Give the data again exactly, without images.

> PROVIDED MATERIAL
<<<<

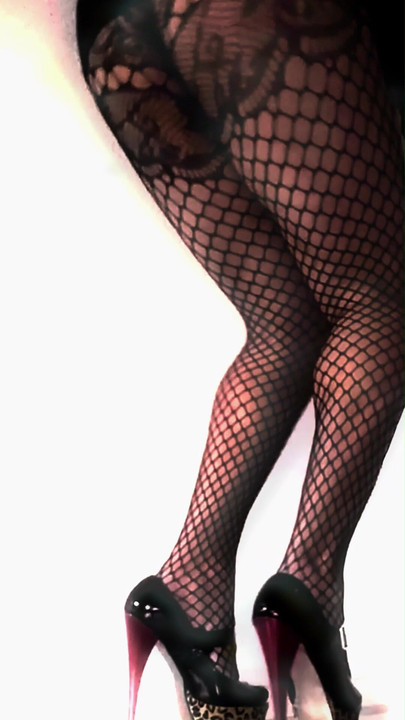 Sissy Slut Kandi Dancing In Platform Heels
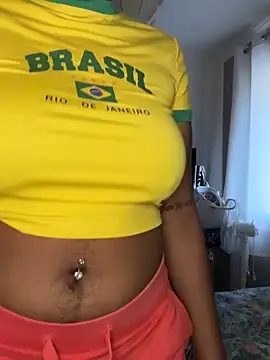 EliLaSoumise online show from April 2026 05:20:01 PM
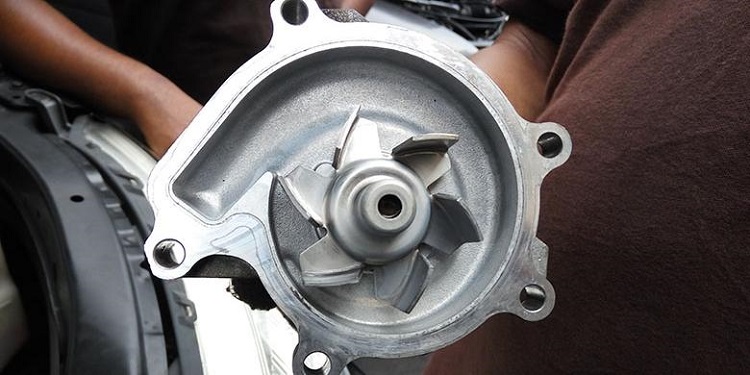 mobil bekas, mesin overheat, penyebab overheat, penyebab mesin overheat, penyebab mesin mobil overheat, mesin mobil overhaul, Ini Penyebab Mesin Mobil Bekas Sering Overheat Selain Radiator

>>>>

> ANSWER TO THIS PROBLEM
 Sissy Slut Kandi Dancing In Platform Heels
 EliLaSoumise online show from April 2026 05:20:01 PM
 mobil bekas, mesin overheat, penyebab overheat, penyebab mesin overheat, penyebab mesin mobil overheat, mesin mobil overhaul, Ini Penyebab Mesin Mobil Bekas Sering Overheat Selain Radiator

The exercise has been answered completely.